From the line that contains "Arches National Parkの写真素材" to the last line of the data, every line is to be transcribed exactly; no other line is to be included.

Segment Start: MATERIAL SHOWN

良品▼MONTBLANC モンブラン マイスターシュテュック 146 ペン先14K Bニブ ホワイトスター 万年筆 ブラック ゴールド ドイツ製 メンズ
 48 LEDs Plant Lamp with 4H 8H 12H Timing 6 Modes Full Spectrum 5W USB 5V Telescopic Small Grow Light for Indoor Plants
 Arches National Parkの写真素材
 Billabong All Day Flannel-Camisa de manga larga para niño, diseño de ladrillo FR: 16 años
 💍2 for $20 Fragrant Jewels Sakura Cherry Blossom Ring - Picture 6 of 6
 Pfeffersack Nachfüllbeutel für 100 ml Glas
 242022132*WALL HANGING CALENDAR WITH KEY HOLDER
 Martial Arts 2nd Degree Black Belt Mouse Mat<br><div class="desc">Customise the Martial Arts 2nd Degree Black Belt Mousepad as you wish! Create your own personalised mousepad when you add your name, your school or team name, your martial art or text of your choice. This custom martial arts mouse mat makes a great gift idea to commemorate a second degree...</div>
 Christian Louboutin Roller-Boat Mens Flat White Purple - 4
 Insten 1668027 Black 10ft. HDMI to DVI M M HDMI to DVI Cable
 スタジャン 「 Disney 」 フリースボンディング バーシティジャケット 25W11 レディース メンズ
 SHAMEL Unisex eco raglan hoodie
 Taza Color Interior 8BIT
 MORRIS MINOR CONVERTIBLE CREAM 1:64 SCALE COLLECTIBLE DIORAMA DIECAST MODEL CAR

Segment End: MATERIAL SHOWN

TASK SOLUTION
 Arches National Parkの写真素材
 Billabong All Day Flannel-Camisa de manga larga para niño, diseño de ladrillo FR: 16 años
 💍2 for $20 Fragrant Jewels Sakura Cherry Blossom Ring - Picture 6 of 6
 Pfeffersack Nachfüllbeutel für 100 ml Glas
 242022132*WALL HANGING CALENDAR WITH KEY HOLDER
 Martial Arts 2nd Degree Black Belt Mouse Mat<br><div class="desc">Customise the Martial Arts 2nd Degree Black Belt Mousepad as you wish! Create your own personalised mousepad when you add your name, your school or team name, your martial art or text of your choice. This custom martial arts mouse mat makes a great gift idea to commemorate a second degree...</div>
 Christian Louboutin Roller-Boat Mens Flat White Purple - 4
 Insten 1668027 Black 10ft. HDMI to DVI M M HDMI to DVI Cable
 スタジャン 「 Disney 」 フリースボンディング バーシティジャケット 25W11 レディース メンズ
 SHAMEL Unisex eco raglan hoodie
 Taza Color Interior 8BIT
 MORRIS MINOR CONVERTIBLE CREAM 1:64 SCALE COLLECTIBLE DIORAMA DIECAST MODEL CAR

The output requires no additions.